The price of tackling the climate crisis is increasing – but so are the benefits of acting today.
In 2022 alone, the United States has already been affected by 15 climate disaster events, each with losses exceeding $1 billion and hundreds of human lives. Let's not forget that we are only 1ºC above historic norms – and plenty more worrisome impacts will happen if that figure grows.
It is therefore critical to step up the pace of decarbonising all sectors of the global economy and to limit average global temperature rise to 1.5C – the ambition of the Paris Agreement and the figure that climate scientists define as the threshold of safety. Yet, current efforts are falling short.
Shifting from a resource-heavy economy to a low-carbon, sustainable one relies on a variety of top-down (i.e. policy, regulation) and bottom-up interventions (i.e. voluntary initiatives by individual corporations). It means we cannot look at one system alone: mitigating climate change is deeply connected to transforming the way we produce and use energy, food and manage water. It means moving towards a circular economy that works with nature instead of against it, and harnesses the power of tech for good.

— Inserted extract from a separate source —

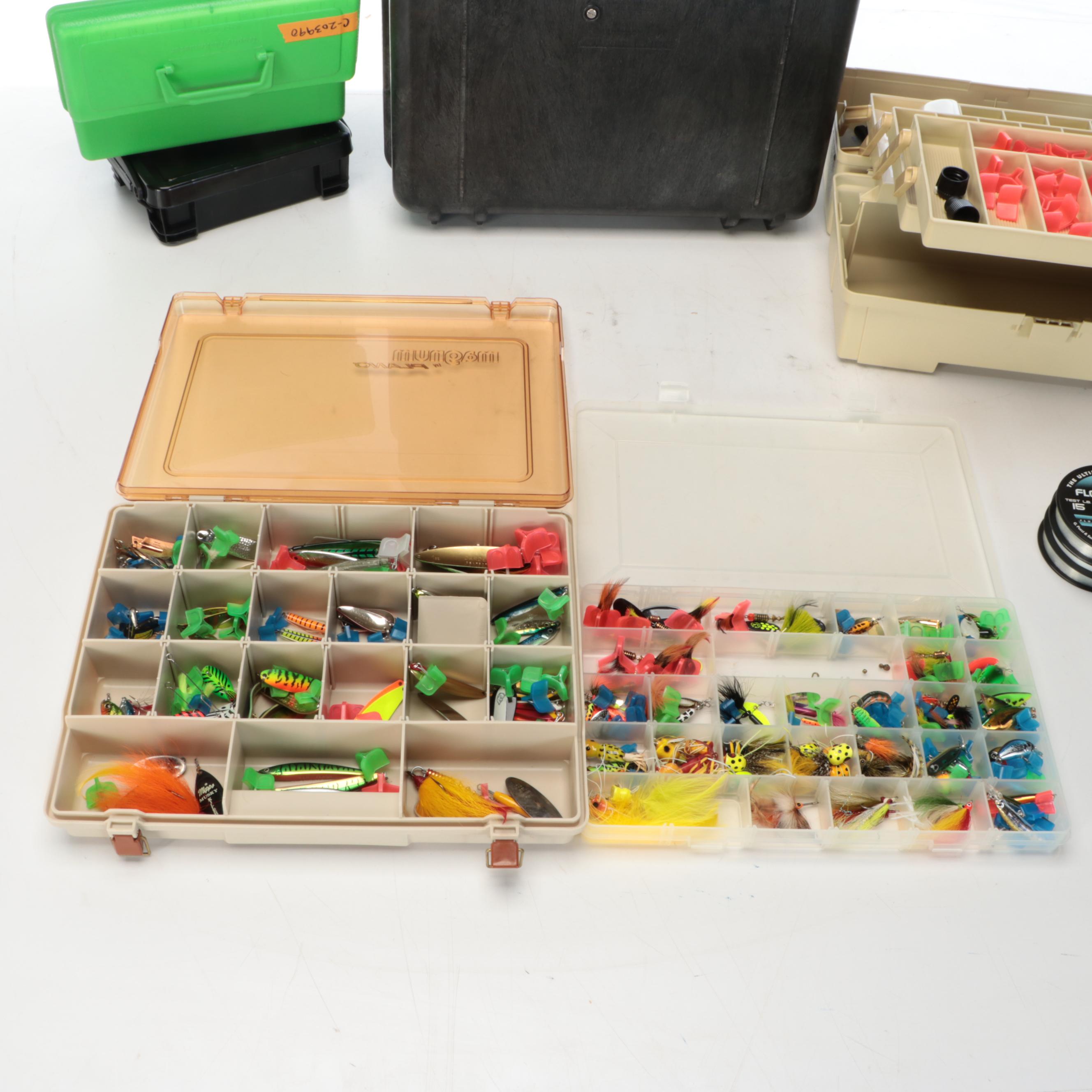 Fishing Tackle Boxes and Storage Containers with Lures, Spinners and Accessories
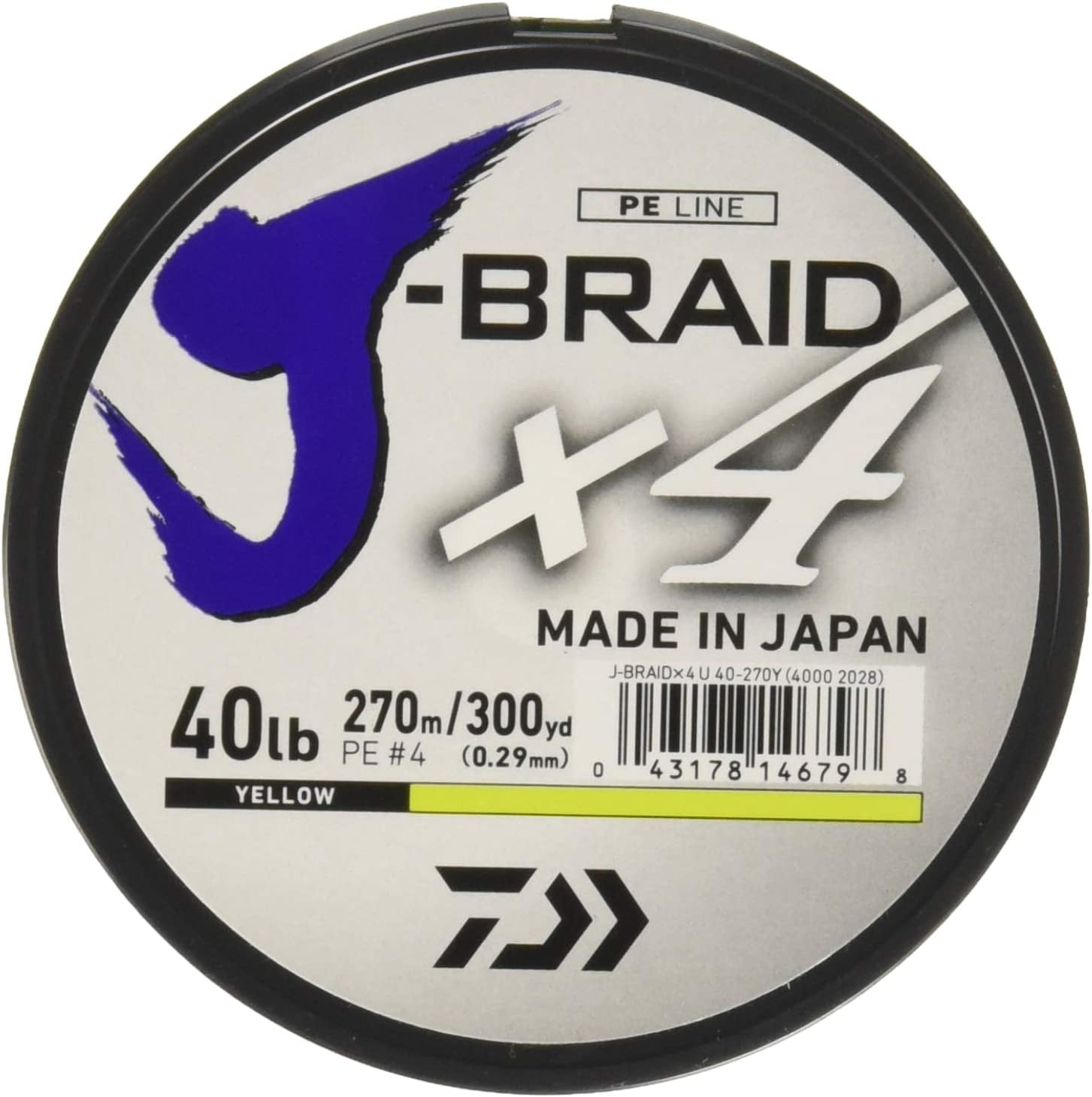 DAIWA J Braid X4 300 Yards Hi Vis Yellow, 40#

We need ambitious national policies, coupled with private sector ingenuity, vision and adaptability to ensure nothing less than human survival. Companies are being called upon by their employees, shareholders, customers, partners and the world at large to do everything they can to address their environmental and climate impact.
To avoid a catastrophic scenario and respond to the challenges of the climate crisis, we need every tool in the climate toolbox.
A credible and science-led climate journey requires companies to understand their impact on the planet, measure the emissions associated with their business operations and value chain, strategise how to minimise them through science-based targets, reduce their footprint, and annually and transparently disclose their progress. This is where impactful renewable energy and circular economy strategies come into play.
Reducing emissions is essential on the path to net zero but decarbonization initiatives often take a lot of time to implement. Many companies want to already take full responsibility for the emissions along their value chain today. Investing in high-quality carbon credits is companies' preferred way of doing so: as a method, it's proven, transparent, scalable and results-based. It has the potential to transform unfunded projects that protect threatened, biodiverse tropical forests, implement resilient, climate-smart agriculture and bring wide-reaching positive social, biodiversity and environmental impacts, with immediate results.
Such investments show leadership: companies can demonstrate they are taking action today for the benefit of future generations, while designing a climate action strategy deeply embedded in company-wide decarbonisation measures. Given the urgency of the climate crisis, carbon offsetting must take place alongside, and not in the place of, a robust decarbonisation strategy.
The voluntary carbon market plays an increasingly important role in our global response to climate change, and with that comes healthy scrutiny and a need to constantly improve our underlying mechanisms. Navigating the voluntary carbon market and the wider areas of systems transformation can be a challenge. While some private actors are already disrupting 'business as usual', other companies require guidance on best practices and on designing a comprehensive net zero strategy that keeps the big picture in mind. That's why we offer climate action workshops which are tailored to the needs of organisations - please take a look here for more information.
Recent scientific research has found that the economic damage of climate change could be six times higher by the end of this century than previously estimated. In the words of co-author Paul Waidelich from ETH Zürich, “it is still cheaper to reduce greenhouse gas emissions than it is to deal with climate change impacts."
Science tells us that time is not on our side, and emissions-free operations can be years or even decades away for some. This is why, alongside efforts to reduce emissions, companies must also invest in climate mitigation activities beyond their value chains to set the global economy on a path to net zero. To achieve this vision of a stable climate, an end to poverty, and thriving ecosystems, we need high ambitions. But we also need transformative action, starting now. Certified carbon credits from climate action projects can help deliver that.